Anima lavoratrice, quella di Gioia. Un nome che non è sempre un destino. Momenti lieti sono senz’altro quelli del prologo: è qui la festa, e la macchina da presa zooma lentamente su di lei, che sarà la protagonista di Anima bella. Dove poco prima soffiava sulle candeline, nello stesso cortiletto campagnolo, le toccherà pulire e rimettere in ordine. Perché così va: Gioia, 18 anni, è una ragazza che sa prendersi le responsabilità. Un passo avanti anche rispetto al padre, al quale mostra con entusiasmo le ultime app. E del padre stesso dovrà prendersi cura quando sarà sopraffatto dal vizio del gioco. Il film di Dario Albertini, presentato in concorso ad Alice nella Città nella Festa del Cinema di Roma, è un romanzo di formazione all’incontrario: una ragazza già matura a cui toccherà ricordarsi, ogni tanto, di essere soltanto una ragazza.
La trama
Gioia (Madalina Maria Jekal) ha appena compiuto 18 anni. A’ bba’, il richiamo col quale si rivolge al padre (“a’ babbo”), mezzo romano e mezzo toscano, fa capire che siamo in un borgo rurale del centro Italia. Bruno (Luciano Miele), il genitore, ha un gregge di pecore e produce formaggi. Gioia dà una mano ed è ben integrata nella comunità, di cui si prende cura anche raccogliendo e distribuendo ogni giorno l’acqua della cascata termale “La Miracolosa”. Ma Bruno, genitore amorevole da tempo vedovo della consorte rumena, ha problemi col vizio del gioco.
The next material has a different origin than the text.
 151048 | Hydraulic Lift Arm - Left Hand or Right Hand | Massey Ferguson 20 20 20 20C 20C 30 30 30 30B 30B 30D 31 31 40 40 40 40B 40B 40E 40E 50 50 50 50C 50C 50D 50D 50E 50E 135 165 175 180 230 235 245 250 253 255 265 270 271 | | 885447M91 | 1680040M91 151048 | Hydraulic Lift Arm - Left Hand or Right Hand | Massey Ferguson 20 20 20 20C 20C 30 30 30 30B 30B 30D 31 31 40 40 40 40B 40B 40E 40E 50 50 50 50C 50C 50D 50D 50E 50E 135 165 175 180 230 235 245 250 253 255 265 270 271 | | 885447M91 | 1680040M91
Quando la situazione debitoria precipita, è la ragazza a farsi carico di consultare lo psicologo della mutua e infine di far entrare il padre in un centro residenziale di riabilitazione. Che purtroppo per lei, così radiosa nel villaggio, è in città. Abbandonate temporaneamente le amiche e le abitudini del borgo, si trasferisce in un motel per assistere il padre nel tentativo di superare la propria dipendenza. Ma chi assisterà lei?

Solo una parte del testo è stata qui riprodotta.